_EXERCISE OBJECTIVE_
Return every entry below word for word and leave out any picture.

_INPUT DATA_
——

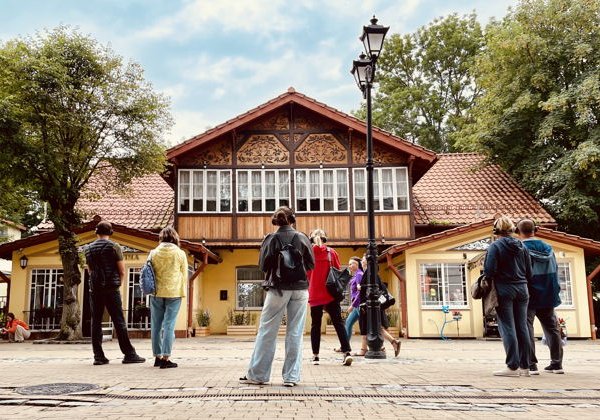 Иммерсивные аудиоспектакли по Зеленоградску и Калининграду (5 маршрутов) - фото 3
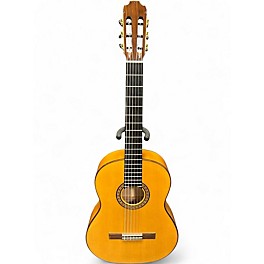 Used Cordoba Master Series Reyes Natural Classical Acoustic Guitar
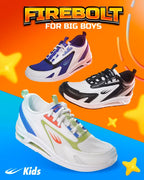 FIRE BOLT BB
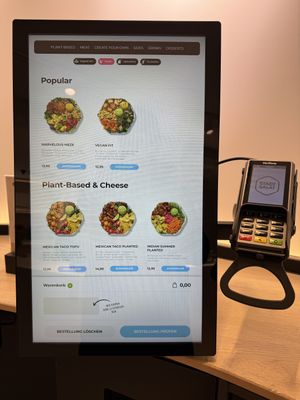   at Stadtsalat in Frankfurt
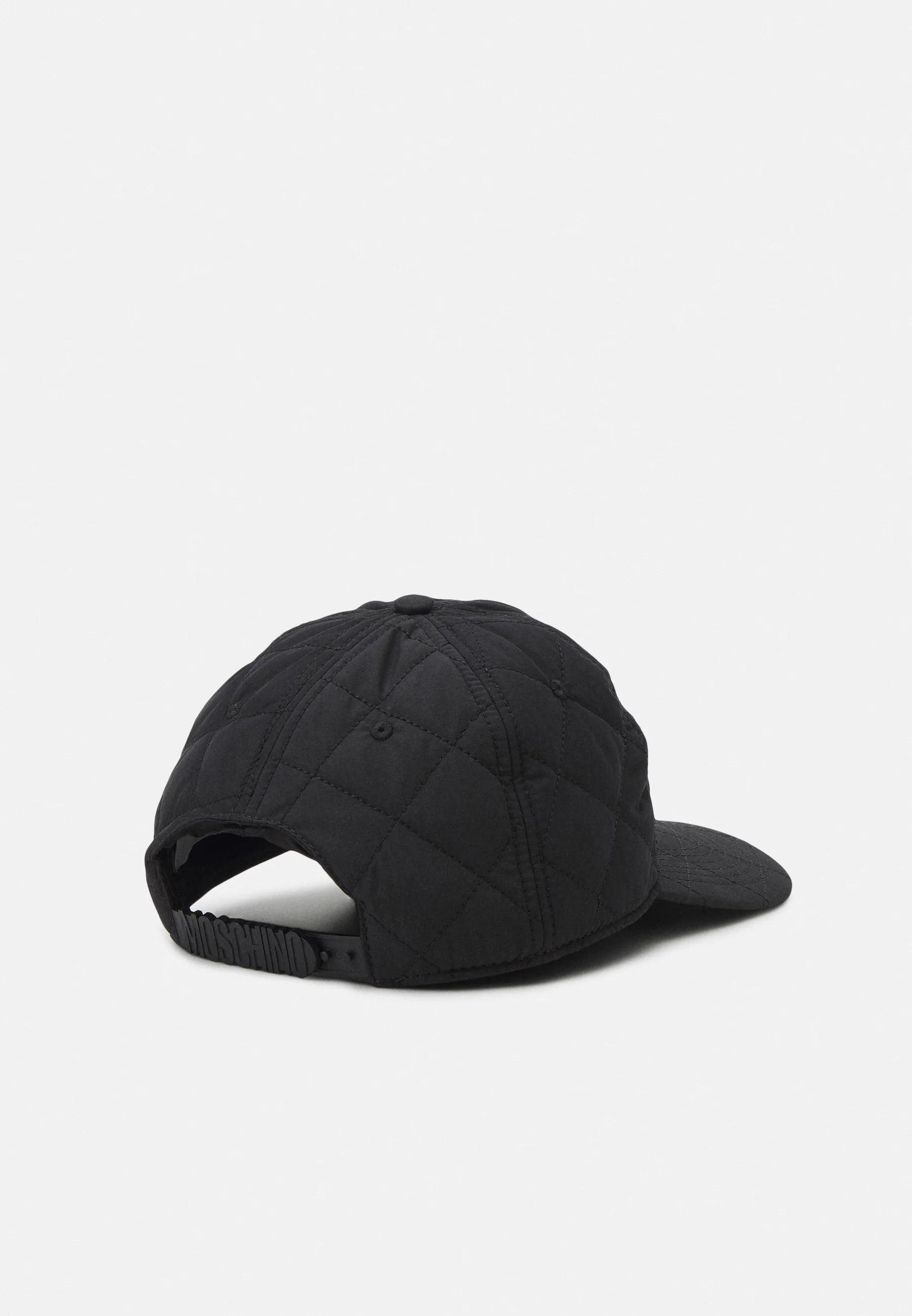 Moschino o1y0225 Size : OS / Logo Cap / Hat in Black Size ONE SIZE - 2 Thumbnail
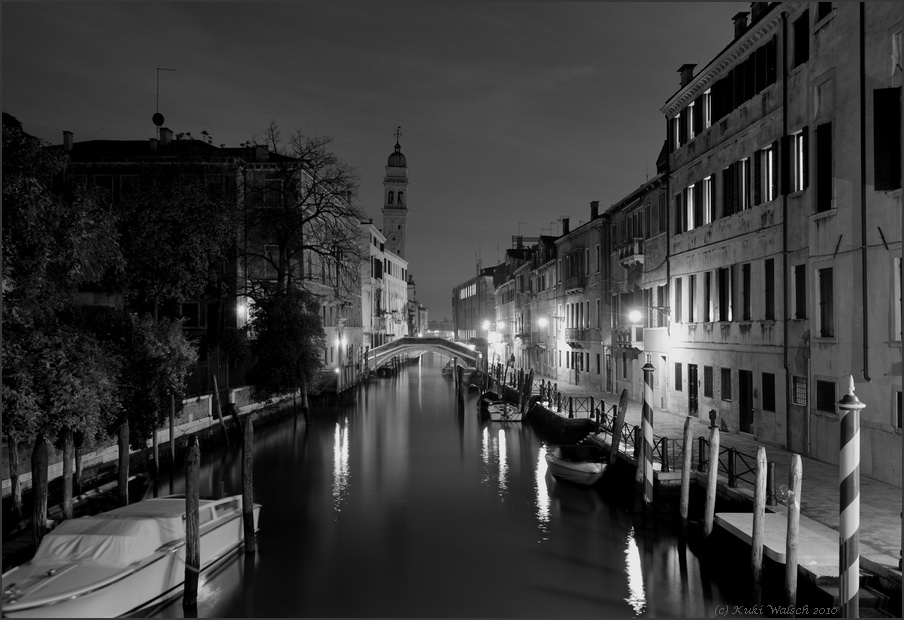 Venedig bei Nacht [6]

——

_SOLUTION FOR THIS PROBLEM_
 Иммерсивные аудиоспектакли по Зеленоградску и Калининграду (5 маршрутов) - фото 3
 Used Cordoba Master Series Reyes Natural Classical Acoustic Guitar
 FIRE BOLT BB
   at Stadtsalat in Frankfurt
 Moschino o1y0225 Size : OS / Logo Cap / Hat in Black Size ONE SIZE - 2 Thumbnail
 Venedig bei Nacht [6]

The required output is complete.